Dieses Verhalten ist in einem Gehege natürlich nicht möglich, und so werden die Wölfe nicht in Rudeln gehalten, sondern in "Gruppen". Cosmo und Luna beispielsweise sind ein Geschwisterpaar, und Remo und Sirius sind Brüder. Wurfgeschwister sind auch die Hudson Bay Wölfe Kimo und Dala. Nur die europäischen Grauwölfe Milan (Rüde) und Finja (Fähe) sind ein echtes Paar. Finja durfte auch einmal einen Wurf bekommen.
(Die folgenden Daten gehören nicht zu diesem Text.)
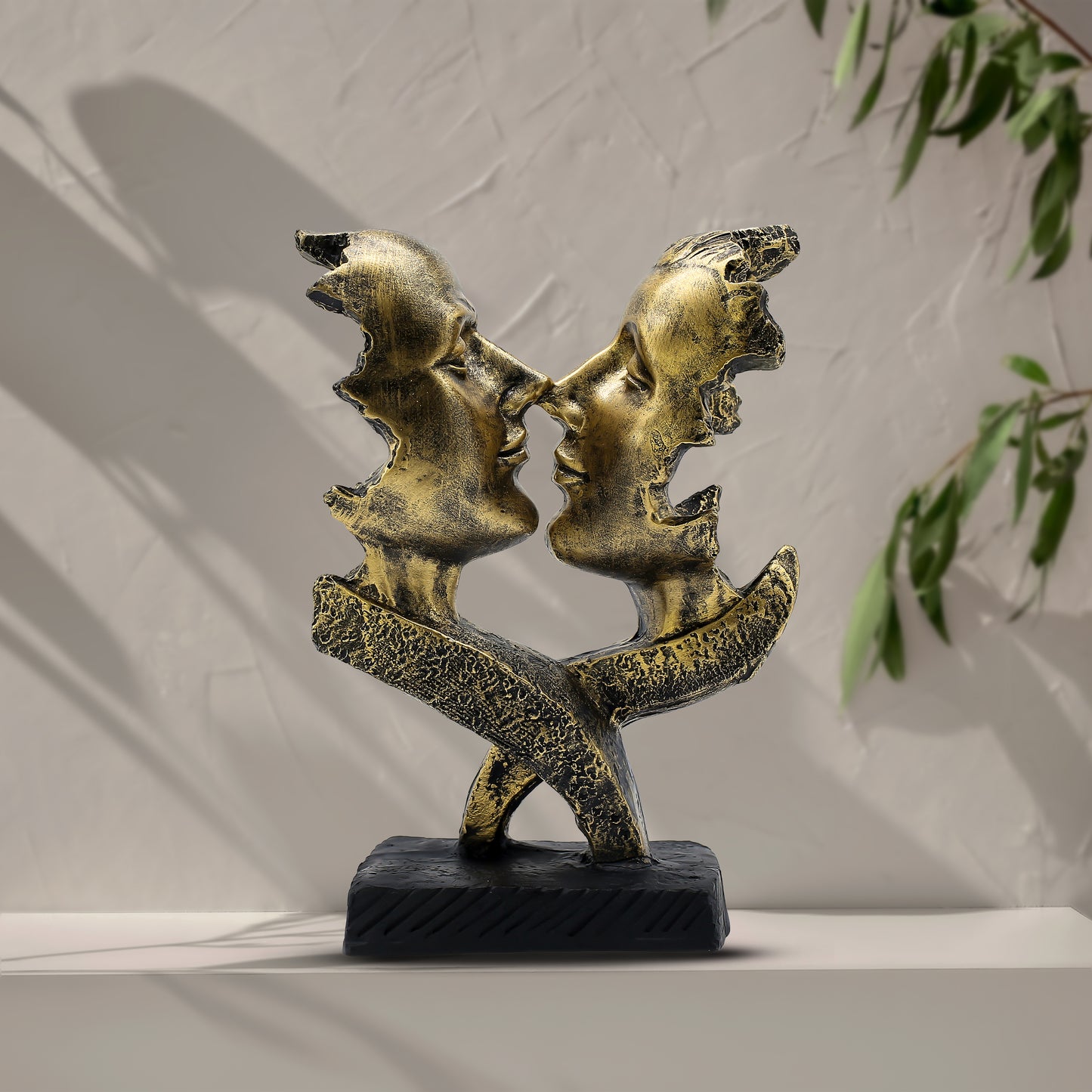 Abstract Couple Love Sculpture Polyresin Showpiece for Home Decor | Modern White Art Statue for Living Room, Bedroom & Gift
Da es allerdings schwierig ist, Jungwölfe abzugeben (eine Auswilderung verbietet sich bei an den Menschen gewöhnten Wölfen von selbst) und aus Gründen der drohenden Inzucht und Überpopulation bekommen die Fähen Verhütungsmittel.

 

Klar, das alles ist nicht natürlich. Aber gerade für Menschen, die Ängste vor dem "Menschenfresser" haben und bei Kindern leistet das Center mit seinen Wölfen und den umfangreichen Informationen hilfreiche Aufklärungsarbeit. Hier kann man lernen, den Wolf besser zu verstehen, und wie man sich beispielsweise bei Begegnungen zu verhalten hat. In anderen Ländern und Kulturen geht das schließlich auch.